05:41Elle nous impressionne par sa volonté, mais encore une fois, elle a effectivement cette souffrance,
05:48mais qui est une souffrance partagée par toutes les victimes qui ont à faire face à ce type de procès, qui sont des procès nécessaires, il faut le dire.
05:57Personne ne dit que c'est une souffrance gratuite.
05:59Il y a des peines de prison très lourdes qui sont encourues, on a des peines de 20 années de réclusion criminelle qui sont encourues.
06:05Il est normal que les gens puissent se défendre, d'ailleurs ça ne pourrait être autrement.
06:09Donc c'est une souffrance qui est nécessaire, mais qui doit être aussi prise en compte.
06:12Et je pense que dans le cadre de ce procès, il y a un certain nombre de souffrances qui ont été des souffrances qui étaient inutiles, superflues,
06:19qui ont été imposées à Gisèle Pellicot.
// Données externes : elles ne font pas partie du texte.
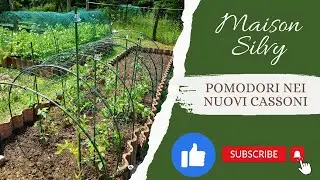 Cassoni Nuovi: metto a dimora i Pomodori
06:21Et il faut aussi le savoir, parce qu'il faut peut-être repenser la manière dont ces procès se tiennent, la manière dont les victimes peuvent être traitées.
06:30Je pense qu'on peut faire valoir tous les arguments nécessaires à une défense dans une cour d'assises, sans nécessairement imposer à la victime ou à la partie civile,
06:38même lorsqu'on conteste les faits, une souffrance qui est inutile.
06:41– Merci beaucoup Maître, merci d'avoir pris ces minutes pour être avec nous ce matin en direct dans le live BFM.